ENTRIES PROVIDED:
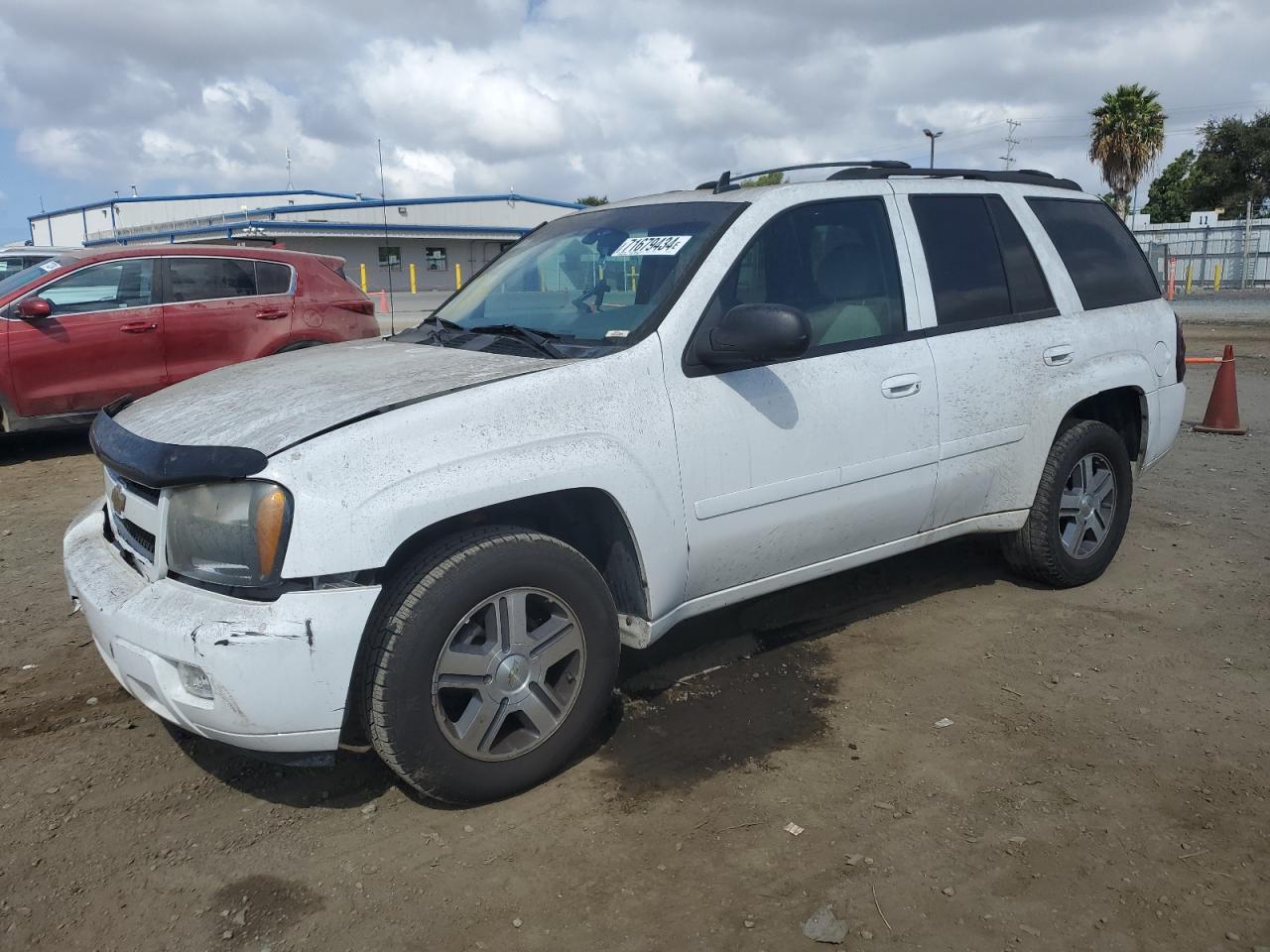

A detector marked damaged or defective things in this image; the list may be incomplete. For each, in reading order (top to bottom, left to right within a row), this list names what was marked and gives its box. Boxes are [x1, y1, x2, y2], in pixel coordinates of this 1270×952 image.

damaged front bumper [64, 502, 378, 756]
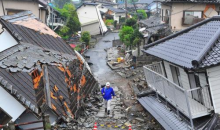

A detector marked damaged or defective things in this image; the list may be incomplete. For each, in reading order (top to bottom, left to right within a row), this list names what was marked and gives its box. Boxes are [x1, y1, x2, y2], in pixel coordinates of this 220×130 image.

damaged roof [143, 15, 220, 68]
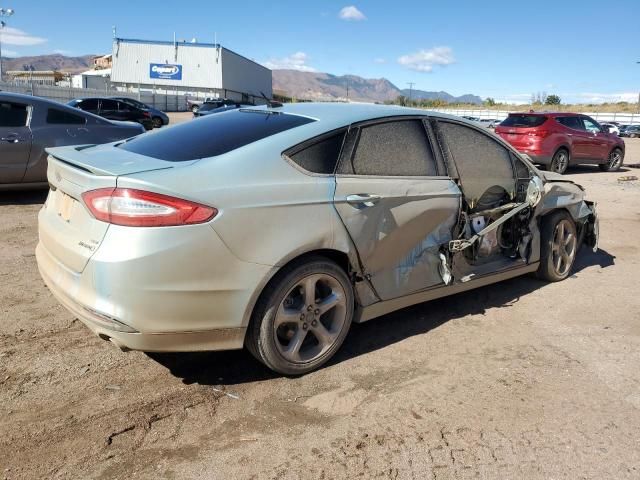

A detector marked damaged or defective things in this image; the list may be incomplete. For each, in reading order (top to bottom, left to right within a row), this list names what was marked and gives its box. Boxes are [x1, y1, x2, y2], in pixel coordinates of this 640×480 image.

damaged ford fusion [36, 104, 600, 376]
crashed passenger door [332, 118, 462, 300]
broken side mirror [528, 175, 544, 207]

TASK DETAILS: Without any pictures, repeat the listing exactly.

TASK RESPONSE:
A detector marked damaged or defective things in this image; the list may be incomplete. For each, in reading order (top to bottom, left to right within a row), this list names what was marked and gives its box. Boxes are [x1, y1, x2, y2], in pixel coordinates of this 1270×952 image.

damaged front bumper [64, 502, 378, 756]

A detector marked damaged or defective things in this image; the list may be incomplete. For each, in reading order (top to bottom, left to right within a row), this list names what was marked and gives its box. Boxes are [x1, y1, x2, y2], in pixel coordinates of this 220×130 image.

damaged roof [143, 15, 220, 68]

A detector marked damaged or defective things in this image; the list may be incomplete. For each, in reading order (top to bottom, left to right within a row), this list names what was marked and gives its box. Boxes are [x1, y1, x2, y2], in pixel coordinates of this 640×480 image.

damaged ford fusion [36, 104, 600, 376]
crashed passenger door [332, 118, 462, 300]
broken side mirror [528, 175, 544, 207]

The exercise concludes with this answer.